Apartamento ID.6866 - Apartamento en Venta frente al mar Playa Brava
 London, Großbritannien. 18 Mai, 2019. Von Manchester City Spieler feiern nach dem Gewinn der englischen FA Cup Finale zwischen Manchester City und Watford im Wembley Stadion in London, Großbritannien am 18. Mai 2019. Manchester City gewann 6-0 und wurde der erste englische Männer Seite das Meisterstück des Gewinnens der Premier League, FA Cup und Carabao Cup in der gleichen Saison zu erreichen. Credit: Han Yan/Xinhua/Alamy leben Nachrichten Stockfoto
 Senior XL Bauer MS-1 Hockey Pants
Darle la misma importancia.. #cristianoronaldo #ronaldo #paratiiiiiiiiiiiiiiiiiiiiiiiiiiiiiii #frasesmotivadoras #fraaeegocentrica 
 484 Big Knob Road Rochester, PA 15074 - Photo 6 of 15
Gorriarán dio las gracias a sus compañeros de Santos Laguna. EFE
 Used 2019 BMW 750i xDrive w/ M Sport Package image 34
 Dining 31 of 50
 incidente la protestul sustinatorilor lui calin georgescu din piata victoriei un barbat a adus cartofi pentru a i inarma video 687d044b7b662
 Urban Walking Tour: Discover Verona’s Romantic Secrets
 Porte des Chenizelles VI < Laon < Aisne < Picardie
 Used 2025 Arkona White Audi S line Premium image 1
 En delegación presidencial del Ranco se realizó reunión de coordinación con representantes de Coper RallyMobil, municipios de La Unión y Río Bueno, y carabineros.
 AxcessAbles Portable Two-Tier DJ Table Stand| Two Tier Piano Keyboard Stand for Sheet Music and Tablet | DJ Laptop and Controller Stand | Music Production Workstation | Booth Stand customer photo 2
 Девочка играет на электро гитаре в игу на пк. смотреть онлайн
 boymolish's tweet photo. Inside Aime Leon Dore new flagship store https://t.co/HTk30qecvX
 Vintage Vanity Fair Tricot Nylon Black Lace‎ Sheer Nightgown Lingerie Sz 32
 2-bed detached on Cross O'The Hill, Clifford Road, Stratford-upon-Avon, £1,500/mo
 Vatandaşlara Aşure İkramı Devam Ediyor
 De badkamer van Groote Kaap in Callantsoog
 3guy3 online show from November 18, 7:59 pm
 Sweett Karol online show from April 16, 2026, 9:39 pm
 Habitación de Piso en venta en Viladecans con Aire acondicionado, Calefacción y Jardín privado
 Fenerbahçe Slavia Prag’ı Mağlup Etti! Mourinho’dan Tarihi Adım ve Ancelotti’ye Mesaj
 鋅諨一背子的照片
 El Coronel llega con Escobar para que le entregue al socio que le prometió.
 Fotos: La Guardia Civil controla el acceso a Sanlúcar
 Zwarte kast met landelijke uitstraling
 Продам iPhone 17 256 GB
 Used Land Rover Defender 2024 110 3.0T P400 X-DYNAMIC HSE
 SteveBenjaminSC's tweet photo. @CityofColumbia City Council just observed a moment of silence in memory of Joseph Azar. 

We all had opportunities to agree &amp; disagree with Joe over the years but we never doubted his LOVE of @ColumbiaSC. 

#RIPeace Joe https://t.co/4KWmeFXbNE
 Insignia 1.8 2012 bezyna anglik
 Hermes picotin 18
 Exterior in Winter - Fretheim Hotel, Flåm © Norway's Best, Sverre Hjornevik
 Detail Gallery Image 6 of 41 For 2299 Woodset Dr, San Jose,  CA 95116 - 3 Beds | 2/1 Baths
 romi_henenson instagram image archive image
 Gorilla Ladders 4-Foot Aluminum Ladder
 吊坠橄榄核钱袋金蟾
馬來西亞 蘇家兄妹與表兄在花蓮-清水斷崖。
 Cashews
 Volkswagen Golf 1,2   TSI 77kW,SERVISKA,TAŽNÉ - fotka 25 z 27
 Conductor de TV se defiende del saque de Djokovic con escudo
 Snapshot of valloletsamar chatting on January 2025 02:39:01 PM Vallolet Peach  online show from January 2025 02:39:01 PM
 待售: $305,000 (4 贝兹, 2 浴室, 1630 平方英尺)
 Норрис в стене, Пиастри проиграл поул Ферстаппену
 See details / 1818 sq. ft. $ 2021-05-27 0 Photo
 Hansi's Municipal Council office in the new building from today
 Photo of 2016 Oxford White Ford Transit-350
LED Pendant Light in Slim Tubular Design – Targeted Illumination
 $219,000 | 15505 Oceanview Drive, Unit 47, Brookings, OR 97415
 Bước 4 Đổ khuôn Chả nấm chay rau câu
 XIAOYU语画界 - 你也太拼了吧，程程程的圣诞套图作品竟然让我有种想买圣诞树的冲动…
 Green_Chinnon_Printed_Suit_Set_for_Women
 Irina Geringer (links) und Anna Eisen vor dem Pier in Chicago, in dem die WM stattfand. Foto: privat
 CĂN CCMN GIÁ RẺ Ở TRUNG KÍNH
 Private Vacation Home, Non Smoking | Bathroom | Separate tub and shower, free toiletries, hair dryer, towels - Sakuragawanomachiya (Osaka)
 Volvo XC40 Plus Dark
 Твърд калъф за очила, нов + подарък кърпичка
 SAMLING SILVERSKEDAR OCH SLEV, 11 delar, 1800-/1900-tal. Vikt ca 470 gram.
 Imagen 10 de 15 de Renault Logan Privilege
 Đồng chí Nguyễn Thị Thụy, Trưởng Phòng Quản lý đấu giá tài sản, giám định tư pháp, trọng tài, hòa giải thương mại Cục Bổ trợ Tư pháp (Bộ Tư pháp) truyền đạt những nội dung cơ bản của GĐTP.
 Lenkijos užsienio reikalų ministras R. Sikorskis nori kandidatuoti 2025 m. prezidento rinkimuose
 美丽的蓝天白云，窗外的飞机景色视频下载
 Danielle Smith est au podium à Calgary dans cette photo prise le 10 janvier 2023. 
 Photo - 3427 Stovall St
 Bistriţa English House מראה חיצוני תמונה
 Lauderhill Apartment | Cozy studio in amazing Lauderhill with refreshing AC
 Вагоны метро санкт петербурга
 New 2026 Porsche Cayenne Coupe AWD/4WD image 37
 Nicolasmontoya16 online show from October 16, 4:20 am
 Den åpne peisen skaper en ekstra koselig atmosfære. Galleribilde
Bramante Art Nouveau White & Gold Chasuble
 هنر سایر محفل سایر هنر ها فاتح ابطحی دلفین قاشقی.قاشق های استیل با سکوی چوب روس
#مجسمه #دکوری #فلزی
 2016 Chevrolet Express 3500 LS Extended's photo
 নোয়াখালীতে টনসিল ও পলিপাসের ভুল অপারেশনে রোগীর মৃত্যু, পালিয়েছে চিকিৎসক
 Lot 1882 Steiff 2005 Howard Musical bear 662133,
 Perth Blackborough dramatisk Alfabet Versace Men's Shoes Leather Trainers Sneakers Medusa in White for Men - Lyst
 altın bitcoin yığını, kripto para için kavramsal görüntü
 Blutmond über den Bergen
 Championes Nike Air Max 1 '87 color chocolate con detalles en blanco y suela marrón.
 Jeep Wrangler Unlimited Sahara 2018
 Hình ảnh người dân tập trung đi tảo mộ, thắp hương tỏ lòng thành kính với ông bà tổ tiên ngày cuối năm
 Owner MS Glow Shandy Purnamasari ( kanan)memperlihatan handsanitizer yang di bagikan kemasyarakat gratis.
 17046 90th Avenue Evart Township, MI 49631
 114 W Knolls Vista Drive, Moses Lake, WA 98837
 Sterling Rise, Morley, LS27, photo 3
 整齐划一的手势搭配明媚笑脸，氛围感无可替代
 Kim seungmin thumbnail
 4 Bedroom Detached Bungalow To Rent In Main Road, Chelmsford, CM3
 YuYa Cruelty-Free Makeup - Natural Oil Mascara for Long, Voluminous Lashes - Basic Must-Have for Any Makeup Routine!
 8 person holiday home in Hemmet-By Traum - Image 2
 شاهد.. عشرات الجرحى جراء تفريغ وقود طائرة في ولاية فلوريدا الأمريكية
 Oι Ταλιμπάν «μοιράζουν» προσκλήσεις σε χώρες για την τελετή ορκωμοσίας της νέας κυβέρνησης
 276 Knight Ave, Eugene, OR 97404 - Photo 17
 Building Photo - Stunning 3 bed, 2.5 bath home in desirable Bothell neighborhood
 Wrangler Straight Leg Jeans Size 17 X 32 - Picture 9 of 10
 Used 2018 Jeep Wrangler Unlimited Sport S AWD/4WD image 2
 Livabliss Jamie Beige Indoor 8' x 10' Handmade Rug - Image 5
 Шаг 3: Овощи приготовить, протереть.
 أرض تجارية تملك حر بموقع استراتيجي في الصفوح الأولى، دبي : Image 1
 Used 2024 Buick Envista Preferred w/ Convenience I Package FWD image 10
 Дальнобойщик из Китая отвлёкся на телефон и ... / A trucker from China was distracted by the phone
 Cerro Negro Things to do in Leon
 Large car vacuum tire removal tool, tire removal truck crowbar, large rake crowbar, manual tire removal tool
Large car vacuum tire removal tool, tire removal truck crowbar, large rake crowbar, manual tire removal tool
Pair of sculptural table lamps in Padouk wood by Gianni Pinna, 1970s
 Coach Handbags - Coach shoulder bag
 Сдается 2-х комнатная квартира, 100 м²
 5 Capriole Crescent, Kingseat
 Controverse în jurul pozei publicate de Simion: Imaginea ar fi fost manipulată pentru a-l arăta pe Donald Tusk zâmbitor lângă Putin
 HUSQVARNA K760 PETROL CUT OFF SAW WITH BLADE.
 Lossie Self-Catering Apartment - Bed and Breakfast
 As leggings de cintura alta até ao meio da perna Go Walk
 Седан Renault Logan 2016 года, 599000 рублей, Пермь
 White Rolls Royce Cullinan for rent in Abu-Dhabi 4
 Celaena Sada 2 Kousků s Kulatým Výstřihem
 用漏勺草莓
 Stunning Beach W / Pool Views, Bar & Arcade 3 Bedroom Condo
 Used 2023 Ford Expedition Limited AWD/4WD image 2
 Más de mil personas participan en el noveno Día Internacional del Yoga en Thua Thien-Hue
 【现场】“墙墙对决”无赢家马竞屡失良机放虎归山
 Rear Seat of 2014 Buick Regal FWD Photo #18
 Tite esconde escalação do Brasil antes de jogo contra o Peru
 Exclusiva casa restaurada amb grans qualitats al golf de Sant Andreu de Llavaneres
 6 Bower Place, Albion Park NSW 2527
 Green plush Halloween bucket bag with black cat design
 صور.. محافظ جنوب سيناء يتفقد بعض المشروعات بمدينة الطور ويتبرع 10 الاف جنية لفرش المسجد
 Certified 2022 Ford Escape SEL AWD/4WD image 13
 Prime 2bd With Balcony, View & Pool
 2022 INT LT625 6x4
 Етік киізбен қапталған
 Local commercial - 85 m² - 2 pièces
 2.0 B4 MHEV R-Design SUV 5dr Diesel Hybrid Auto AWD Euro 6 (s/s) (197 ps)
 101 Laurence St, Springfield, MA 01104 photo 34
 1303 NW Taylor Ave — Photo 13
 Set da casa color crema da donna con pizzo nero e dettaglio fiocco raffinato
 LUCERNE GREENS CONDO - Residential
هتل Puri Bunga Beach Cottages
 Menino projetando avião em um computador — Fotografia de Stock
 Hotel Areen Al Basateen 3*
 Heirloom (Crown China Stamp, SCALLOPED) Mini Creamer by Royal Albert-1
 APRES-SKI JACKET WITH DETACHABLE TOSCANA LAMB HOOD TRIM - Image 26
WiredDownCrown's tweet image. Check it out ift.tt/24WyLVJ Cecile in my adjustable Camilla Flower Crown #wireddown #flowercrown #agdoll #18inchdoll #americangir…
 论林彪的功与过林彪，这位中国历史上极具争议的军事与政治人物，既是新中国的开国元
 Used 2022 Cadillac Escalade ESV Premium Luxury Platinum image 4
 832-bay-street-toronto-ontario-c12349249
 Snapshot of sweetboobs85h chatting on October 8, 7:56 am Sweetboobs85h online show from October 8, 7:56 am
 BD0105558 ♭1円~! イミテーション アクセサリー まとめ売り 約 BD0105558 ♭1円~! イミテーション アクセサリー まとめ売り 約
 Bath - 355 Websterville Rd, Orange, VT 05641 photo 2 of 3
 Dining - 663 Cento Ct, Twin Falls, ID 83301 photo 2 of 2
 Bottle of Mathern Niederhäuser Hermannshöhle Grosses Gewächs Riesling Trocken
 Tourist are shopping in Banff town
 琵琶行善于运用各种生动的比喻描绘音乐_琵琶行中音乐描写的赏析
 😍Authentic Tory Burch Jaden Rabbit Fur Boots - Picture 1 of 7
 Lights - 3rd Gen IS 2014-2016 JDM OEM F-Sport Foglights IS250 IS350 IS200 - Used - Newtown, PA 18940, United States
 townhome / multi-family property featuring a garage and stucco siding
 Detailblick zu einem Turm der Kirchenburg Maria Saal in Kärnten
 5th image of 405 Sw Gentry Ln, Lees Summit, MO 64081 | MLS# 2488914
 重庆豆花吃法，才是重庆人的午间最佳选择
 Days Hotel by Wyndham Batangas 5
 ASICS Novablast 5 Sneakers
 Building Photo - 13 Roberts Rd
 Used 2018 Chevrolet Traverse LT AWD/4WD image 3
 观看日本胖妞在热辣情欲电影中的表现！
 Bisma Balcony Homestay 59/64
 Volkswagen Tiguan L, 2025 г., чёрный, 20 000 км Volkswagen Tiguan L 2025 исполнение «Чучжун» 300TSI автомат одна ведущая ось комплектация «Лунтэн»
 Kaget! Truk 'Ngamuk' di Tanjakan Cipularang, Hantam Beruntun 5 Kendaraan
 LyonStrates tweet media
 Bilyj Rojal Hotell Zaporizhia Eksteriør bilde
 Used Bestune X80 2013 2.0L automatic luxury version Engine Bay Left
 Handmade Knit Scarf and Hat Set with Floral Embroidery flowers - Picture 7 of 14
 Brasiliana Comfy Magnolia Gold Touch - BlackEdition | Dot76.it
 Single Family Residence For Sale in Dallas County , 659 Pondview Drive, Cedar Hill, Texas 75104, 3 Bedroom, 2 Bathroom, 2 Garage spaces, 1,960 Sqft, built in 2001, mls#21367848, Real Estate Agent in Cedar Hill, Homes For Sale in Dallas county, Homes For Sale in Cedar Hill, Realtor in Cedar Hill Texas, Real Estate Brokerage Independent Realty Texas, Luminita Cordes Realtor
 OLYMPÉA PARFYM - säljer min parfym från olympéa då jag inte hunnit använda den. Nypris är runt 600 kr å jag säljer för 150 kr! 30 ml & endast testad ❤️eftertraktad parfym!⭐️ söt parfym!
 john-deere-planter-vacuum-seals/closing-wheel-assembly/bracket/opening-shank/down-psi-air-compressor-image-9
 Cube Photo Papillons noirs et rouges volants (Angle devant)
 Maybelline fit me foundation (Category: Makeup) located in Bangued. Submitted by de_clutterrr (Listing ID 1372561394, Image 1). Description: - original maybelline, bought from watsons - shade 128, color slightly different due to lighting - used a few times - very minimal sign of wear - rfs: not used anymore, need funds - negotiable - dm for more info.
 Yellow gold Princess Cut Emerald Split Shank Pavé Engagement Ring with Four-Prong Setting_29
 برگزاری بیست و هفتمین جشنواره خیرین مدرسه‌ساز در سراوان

────

[What you are asked to do]
Could you set down, exactly as written, the lines above between the one holding "Fotos: La Guardia" and the one holding "Imagen 10 de 15 de Renault Logan Privilege", inclusive, and nothing more?

[Response box]
 Fotos: La Guardia Civil controla el acceso a Sanlúcar
 Zwarte kast met landelijke uitstraling
 Продам iPhone 17 256 GB
 Used Land Rover Defender 2024 110 3.0T P400 X-DYNAMIC HSE
 SteveBenjaminSC's tweet photo. @CityofColumbia City Council just observed a moment of silence in memory of Joseph Azar. 

We all had opportunities to agree &amp; disagree with Joe over the years but we never doubted his LOVE of @ColumbiaSC. 

#RIPeace Joe https://t.co/4KWmeFXbNE
 Insignia 1.8 2012 bezyna anglik
 Hermes picotin 18
 Exterior in Winter - Fretheim Hotel, Flåm © Norway's Best, Sverre Hjornevik
 Detail Gallery Image 6 of 41 For 2299 Woodset Dr, San Jose,  CA 95116 - 3 Beds | 2/1 Baths
 romi_henenson instagram image archive image
 Gorilla Ladders 4-Foot Aluminum Ladder
 吊坠橄榄核钱袋金蟾
馬來西亞 蘇家兄妹與表兄在花蓮-清水斷崖。
 Cashews
 Volkswagen Golf 1,2   TSI 77kW,SERVISKA,TAŽNÉ - fotka 25 z 27
 Conductor de TV se defiende del saque de Djokovic con escudo
 Snapshot of valloletsamar chatting on January 2025 02:39:01 PM Vallolet Peach  online show from January 2025 02:39:01 PM
 待售: $305,000 (4 贝兹, 2 浴室, 1630 平方英尺)
 Норрис в стене, Пиастри проиграл поул Ферстаппену
 See details / 1818 sq. ft. $ 2021-05-27 0 Photo
 Hansi's Municipal Council office in the new building from today
 Photo of 2016 Oxford White Ford Transit-350
LED Pendant Light in Slim Tubular Design – Targeted Illumination
 $219,000 | 15505 Oceanview Drive, Unit 47, Brookings, OR 97415
 Bước 4 Đổ khuôn Chả nấm chay rau câu
 XIAOYU语画界 - 你也太拼了吧，程程程的圣诞套图作品竟然让我有种想买圣诞树的冲动…
 Green_Chinnon_Printed_Suit_Set_for_Women
 Irina Geringer (links) und Anna Eisen vor dem Pier in Chicago, in dem die WM stattfand. Foto: privat
 CĂN CCMN GIÁ RẺ Ở TRUNG KÍNH
 Private Vacation Home, Non Smoking | Bathroom | Separate tub and shower, free toiletries, hair dryer, towels - Sakuragawanomachiya (Osaka)
 Volvo XC40 Plus Dark
 Твърд калъф за очила, нов + подарък кърпичка
 SAMLING SILVERSKEDAR OCH SLEV, 11 delar, 1800-/1900-tal. Vikt ca 470 gram.
 Imagen 10 de 15 de Renault Logan Privilege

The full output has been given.